What happens if your data is produced by some automated process such as a sensor reading and occasionally the sensor fails to return a value? NULL seems exactly the appropriate value to use.
Then you're supposed to use another table with a foreign key to canonical measurement record. This is the concept of fully normalized schemas.

What you're describing is closer to how people do it in practice.

I'm still a bit confused. Suppose you have another table, call it temperatures with columns id and temperature, where every row contains only a valid temperature (no NULL records), and you have a main logging table with date and temperature_id so that you can join on temperature_id = temperatures.id. This seems to be what you mean, with a canonical measurement record table related via the temperature_id foreign key.

But then if your sensor fails to record a measurement don't you end up with NULL for that row's temperature_id?

Foreign key would probably go the other way:

LogEntry(LogEntryId, Date)

Temperature(TemperatureId, LogEntryId, DegreesF)

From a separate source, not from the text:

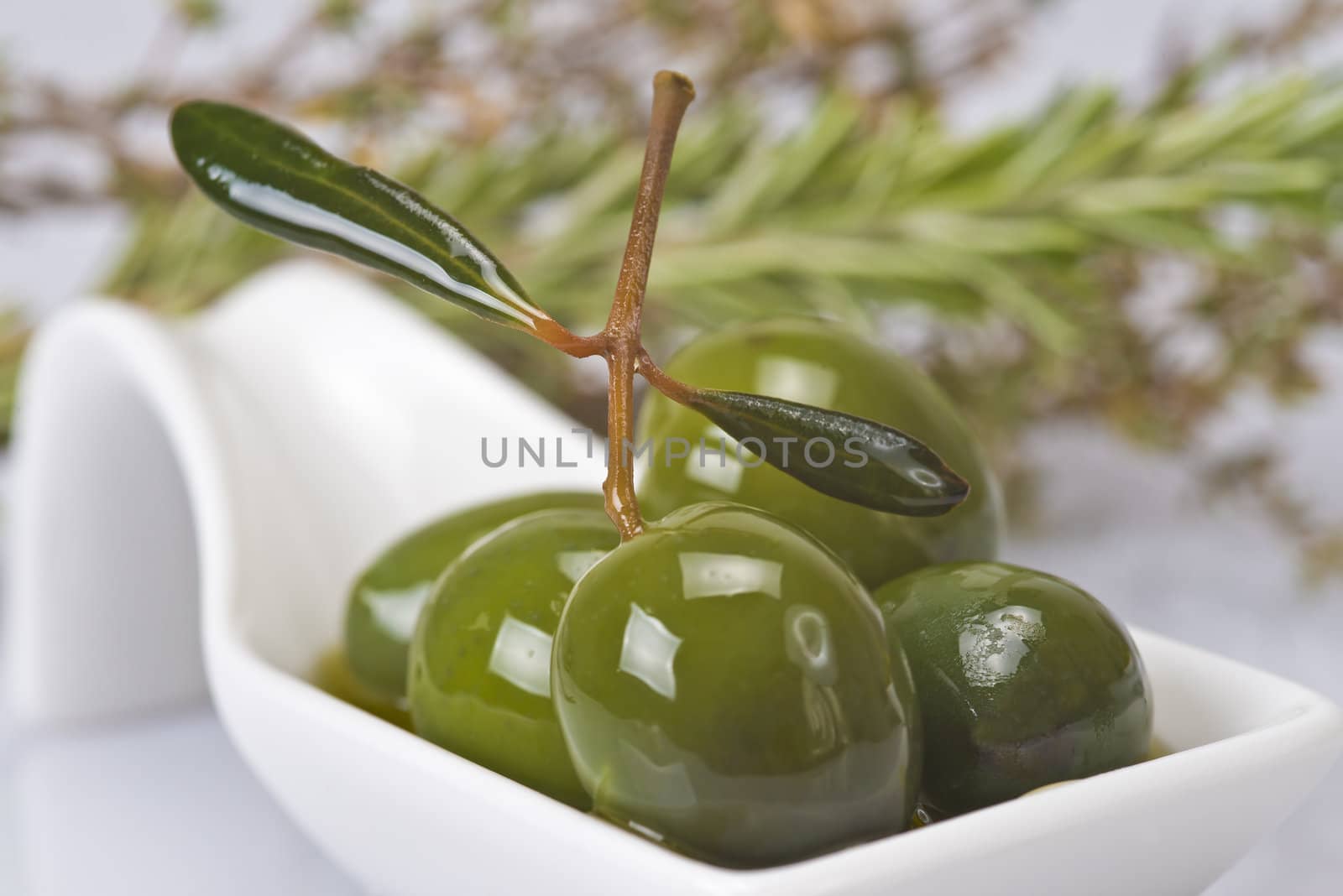 Green olives in a china spoon over a white background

If there is no temperature measured, then you don't create a record in Temperature.

Ah but then how do you record that the measurement actually happened but did not produce a value? I want a record of that failure.

I mean sure, you could do yet another table. But honestly that level of normalization is much more work than it's worth. Just because it's some academic definition doesn't make it right.

You put a record in the Measurement table, and none in the Value table.

> But honestly that level of normalization is much more work than it's worth

Yes. I question whether it's worth anything to begin with.

     Select M.*, V.* from Measurement as M left outer join Value_table as V…
You end up with nulls again.
Yes. That's part of the semantics of outer joins.

But there is no stored null representing 'no value'.